Use the Module Vocabulary

Your design document should explicitly use terms from this module: plant, setpoint, closed-loop, PID (with reasoning about which terms matter for your task), forward kinematics, inverse kinematics, motion planning approach, compliance or impedance parameters, sensor types, and failure modes. Vague descriptions ('the robot will sense the object and grasp it') earn no credit — specific, mechanistic explanations do.

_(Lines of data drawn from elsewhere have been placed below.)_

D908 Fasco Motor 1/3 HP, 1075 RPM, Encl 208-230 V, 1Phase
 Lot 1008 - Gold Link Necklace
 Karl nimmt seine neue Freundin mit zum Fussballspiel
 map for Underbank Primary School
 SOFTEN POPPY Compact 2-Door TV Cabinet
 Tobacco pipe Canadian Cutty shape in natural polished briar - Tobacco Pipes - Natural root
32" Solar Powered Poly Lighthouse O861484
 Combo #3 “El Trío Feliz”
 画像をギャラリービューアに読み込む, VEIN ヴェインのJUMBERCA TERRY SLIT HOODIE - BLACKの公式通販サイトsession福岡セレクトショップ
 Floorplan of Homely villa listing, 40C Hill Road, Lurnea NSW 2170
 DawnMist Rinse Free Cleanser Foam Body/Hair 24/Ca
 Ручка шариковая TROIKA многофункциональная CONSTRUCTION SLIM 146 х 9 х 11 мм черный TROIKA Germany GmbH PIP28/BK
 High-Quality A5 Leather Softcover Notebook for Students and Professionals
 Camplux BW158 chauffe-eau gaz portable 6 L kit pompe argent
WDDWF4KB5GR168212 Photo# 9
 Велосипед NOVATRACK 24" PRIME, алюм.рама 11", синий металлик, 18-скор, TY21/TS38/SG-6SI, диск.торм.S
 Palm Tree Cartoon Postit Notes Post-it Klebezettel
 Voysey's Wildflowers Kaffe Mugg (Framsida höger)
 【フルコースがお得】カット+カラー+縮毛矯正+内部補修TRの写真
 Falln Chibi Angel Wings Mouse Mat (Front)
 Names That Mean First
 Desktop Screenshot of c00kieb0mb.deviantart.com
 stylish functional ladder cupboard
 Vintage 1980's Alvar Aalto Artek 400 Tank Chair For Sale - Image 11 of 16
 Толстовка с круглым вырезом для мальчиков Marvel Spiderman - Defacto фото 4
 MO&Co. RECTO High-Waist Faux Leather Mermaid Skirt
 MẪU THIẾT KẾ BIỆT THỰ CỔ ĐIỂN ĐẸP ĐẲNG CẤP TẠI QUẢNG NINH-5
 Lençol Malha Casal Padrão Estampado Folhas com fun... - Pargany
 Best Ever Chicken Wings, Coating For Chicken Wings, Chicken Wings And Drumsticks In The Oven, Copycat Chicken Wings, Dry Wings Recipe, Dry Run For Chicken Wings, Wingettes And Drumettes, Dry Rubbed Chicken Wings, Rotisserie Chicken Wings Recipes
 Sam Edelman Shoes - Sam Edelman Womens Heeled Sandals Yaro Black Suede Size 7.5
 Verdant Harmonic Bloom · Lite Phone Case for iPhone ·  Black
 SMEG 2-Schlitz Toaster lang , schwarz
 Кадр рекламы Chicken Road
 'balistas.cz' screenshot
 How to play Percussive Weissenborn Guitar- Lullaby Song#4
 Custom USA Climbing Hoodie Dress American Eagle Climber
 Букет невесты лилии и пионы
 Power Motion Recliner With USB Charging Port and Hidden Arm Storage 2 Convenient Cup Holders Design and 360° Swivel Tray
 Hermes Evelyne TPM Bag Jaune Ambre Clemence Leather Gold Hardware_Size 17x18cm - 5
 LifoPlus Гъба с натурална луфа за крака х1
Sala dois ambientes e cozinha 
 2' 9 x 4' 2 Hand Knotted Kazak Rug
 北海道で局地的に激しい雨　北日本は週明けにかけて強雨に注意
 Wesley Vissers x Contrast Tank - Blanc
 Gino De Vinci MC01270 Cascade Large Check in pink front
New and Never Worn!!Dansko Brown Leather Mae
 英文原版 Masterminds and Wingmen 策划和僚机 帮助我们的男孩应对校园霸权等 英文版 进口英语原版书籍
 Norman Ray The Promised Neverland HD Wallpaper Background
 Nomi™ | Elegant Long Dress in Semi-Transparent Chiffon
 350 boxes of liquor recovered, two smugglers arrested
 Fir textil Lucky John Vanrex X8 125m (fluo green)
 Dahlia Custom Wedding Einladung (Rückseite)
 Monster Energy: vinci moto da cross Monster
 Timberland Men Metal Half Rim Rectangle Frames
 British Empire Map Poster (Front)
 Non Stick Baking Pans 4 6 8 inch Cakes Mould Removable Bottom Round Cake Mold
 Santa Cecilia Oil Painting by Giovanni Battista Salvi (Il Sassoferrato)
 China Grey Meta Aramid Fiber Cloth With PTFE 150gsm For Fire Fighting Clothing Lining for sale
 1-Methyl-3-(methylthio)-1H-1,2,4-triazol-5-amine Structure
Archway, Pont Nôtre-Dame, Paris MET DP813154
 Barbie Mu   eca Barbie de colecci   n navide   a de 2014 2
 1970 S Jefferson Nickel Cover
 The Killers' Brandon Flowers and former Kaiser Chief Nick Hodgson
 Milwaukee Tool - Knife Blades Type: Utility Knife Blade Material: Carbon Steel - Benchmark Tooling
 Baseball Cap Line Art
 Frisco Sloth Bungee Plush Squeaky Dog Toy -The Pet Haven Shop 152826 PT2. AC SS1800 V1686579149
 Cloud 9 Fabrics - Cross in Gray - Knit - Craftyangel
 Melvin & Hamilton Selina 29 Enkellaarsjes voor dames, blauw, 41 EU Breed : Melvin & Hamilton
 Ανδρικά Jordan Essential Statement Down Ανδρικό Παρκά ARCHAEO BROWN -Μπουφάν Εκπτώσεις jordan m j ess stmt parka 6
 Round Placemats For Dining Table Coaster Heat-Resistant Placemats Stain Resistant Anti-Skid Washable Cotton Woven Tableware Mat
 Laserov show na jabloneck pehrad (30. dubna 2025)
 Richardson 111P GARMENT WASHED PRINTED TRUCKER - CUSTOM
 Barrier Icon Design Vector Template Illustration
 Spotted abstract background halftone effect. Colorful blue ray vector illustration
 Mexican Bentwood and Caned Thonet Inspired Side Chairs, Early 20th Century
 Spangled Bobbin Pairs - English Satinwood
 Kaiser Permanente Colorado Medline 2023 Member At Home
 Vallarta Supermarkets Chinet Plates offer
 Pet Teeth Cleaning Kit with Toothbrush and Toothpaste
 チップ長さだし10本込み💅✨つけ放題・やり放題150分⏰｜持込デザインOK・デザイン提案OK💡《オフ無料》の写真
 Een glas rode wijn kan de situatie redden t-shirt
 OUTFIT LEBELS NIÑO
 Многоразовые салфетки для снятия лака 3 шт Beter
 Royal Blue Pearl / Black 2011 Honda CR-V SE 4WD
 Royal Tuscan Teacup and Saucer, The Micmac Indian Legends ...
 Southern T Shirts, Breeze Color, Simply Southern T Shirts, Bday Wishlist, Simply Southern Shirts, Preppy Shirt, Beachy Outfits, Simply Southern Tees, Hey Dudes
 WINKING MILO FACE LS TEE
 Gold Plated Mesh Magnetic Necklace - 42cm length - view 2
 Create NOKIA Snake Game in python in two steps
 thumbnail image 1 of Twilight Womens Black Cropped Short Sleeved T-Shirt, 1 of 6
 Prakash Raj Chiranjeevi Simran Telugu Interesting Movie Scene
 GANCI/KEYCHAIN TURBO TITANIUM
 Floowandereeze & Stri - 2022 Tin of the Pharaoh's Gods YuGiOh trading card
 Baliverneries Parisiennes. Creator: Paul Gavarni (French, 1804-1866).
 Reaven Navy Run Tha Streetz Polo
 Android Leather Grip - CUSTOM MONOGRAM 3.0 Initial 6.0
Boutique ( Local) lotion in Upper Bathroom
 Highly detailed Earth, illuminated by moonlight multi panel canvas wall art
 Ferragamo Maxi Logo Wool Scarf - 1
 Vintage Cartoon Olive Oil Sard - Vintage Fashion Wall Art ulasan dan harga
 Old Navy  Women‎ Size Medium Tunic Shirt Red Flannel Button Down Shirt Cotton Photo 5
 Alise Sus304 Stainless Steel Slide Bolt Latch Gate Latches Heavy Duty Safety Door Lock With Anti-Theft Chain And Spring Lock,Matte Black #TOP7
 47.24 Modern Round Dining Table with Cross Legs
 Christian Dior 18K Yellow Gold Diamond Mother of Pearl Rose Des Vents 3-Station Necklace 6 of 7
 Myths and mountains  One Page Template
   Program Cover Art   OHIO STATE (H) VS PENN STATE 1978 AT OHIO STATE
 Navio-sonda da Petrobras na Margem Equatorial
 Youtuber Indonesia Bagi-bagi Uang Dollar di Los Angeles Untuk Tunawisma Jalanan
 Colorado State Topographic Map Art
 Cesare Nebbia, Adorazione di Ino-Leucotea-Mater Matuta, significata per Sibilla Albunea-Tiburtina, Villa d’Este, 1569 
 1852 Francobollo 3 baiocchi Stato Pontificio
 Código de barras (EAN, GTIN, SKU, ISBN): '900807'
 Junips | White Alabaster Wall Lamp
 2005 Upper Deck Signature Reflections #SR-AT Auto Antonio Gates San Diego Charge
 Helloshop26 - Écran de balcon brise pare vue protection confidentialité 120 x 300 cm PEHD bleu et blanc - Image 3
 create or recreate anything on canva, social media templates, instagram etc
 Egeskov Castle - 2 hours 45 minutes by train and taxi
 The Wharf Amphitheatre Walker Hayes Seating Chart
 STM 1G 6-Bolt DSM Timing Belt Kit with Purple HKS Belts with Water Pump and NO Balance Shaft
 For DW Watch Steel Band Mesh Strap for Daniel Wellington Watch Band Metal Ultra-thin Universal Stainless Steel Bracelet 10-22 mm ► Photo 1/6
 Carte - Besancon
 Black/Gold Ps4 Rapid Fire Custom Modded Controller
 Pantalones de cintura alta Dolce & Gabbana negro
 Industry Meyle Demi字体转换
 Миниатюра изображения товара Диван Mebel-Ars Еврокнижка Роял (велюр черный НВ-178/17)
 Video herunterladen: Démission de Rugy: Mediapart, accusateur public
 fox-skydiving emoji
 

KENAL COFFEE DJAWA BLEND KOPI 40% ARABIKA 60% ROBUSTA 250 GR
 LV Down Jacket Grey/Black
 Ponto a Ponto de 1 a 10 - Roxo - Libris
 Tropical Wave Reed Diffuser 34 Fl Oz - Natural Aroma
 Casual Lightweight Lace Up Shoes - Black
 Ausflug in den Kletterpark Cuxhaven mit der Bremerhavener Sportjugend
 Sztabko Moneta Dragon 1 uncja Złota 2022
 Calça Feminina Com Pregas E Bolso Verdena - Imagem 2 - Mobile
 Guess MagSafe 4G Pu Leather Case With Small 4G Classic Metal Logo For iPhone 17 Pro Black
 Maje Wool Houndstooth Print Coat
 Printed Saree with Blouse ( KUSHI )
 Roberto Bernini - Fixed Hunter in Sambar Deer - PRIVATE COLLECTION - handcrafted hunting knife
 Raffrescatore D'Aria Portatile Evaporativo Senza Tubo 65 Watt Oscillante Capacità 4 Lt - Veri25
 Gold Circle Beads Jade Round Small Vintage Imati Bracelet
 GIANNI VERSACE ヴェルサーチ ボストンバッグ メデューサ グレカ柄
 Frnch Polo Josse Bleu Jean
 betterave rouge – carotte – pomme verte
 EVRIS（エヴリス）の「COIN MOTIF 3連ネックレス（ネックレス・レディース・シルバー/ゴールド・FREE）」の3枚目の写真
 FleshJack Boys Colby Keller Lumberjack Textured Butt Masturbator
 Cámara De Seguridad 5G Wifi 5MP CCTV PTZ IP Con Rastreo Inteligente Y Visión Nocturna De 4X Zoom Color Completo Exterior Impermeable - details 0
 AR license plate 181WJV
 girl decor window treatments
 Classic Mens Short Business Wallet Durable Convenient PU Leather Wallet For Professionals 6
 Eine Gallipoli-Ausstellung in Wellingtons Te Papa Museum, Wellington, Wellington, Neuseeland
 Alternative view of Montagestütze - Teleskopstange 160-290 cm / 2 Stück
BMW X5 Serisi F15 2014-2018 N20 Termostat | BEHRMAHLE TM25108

Complete Controller Design — Full Engineering Document

For your chosen scenario, produce a complete controller design document covering all of the following sections. Each section should be at least a paragraph of substantive engineering reasoning. This is the core work of the lesson.
SECTION 1 — TASK ANALYSIS
Write a precise statement of the motion control problem. Identify: What is the plant (the physical system being controlled)? What is the setpoint at each phase of the task? What are the key disturbances the controller must reject? What are the hard constraints (force limits, time limits, safety limits)?
SECTION 2 — SENSING
List every sensor your controller requires. For each sensor, specify: what physical quantity it measures, its approximate sample rate, and how its reading is used by the controller. Include at least two distinct sensor types. Identify one sensor failure mode and how the system should respond.
SECTION 3 — KINEMATICS AND MOTION PLANNING
Describe how inverse kinematics will be handled for this task. Will you use analytical IK, numerical IK, or a pre-computed approach? Explain why. Describe how the motion path is planned — will you use RRT, a pre-taught path, or a simpler trajectory generator? Justify your choice based on whether obstacles are present, whether the environment is static, and time constraints.
SECTION 4 — CONTROL LAW
Describe your closed-loop control law in full. Which controller type will you use at the joint level (PID, torque-based, impedance, admittance)? Reason about each of the three PID terms: is integral needed (steady-state error?), is derivative needed (overshoot risk?). If impedance or admittance control is used, specify whether you need high or low stiffness, and in which directions, and why. Describe the cascade structure if you use an inner and outer loop.
SECTION 5 — DYNAMICS AND FEEDFORWARD
Does your task require dynamics compensation? Reason through: Is gravity compensation needed? Are speeds high enough that Coriolis terms matter? Do you need inverse dynamics feedforward to achieve your cycle time or force accuracy? What happens to performance if you omit dynamics compensation?
SECTION 6 — FAILURE MODE ANALYSIS
Identify three specific failure modes — physical situations where your controller design could fail to achieve the task or could cause damage or injury. For each: describe the failure precisely, identify which part of your control architecture fails, and propose one engineering mitigation.
SECTION 7 — DESIGN REFLECTION
Write a paragraph answering: What is the single biggest technical risk in your design? What would you test first in a prototype, and why? If you had to cut one feature to meet a budget constraint, what would you cut and what capability would you sacrifice?

Peer Review Protocol

When reviewing a classmate's design: focus on internal consistency first. Does their sensor selection actually measure what their control law needs? Does their motion planning approach make sense given their stated environment (static vs. dynamic)? Is their compliance reasoning correct for the contact forces involved? Identifying gaps in consistency is more valuable feedback than stylistic comments.

In Scenario 1 (Precision Dispensing), the dispenser tip must contact the board surface with no more than 0.5 N of force. A student proposes using a pure position controller with very fine Z-height measurement. What is the fundamental problem with this approach?

For Scenario 2 (Fruit Harvesting), a student argues that RRT motion planning should be run once offline and the resulting path stored for all future harvests. What is the critical flaw in this argument?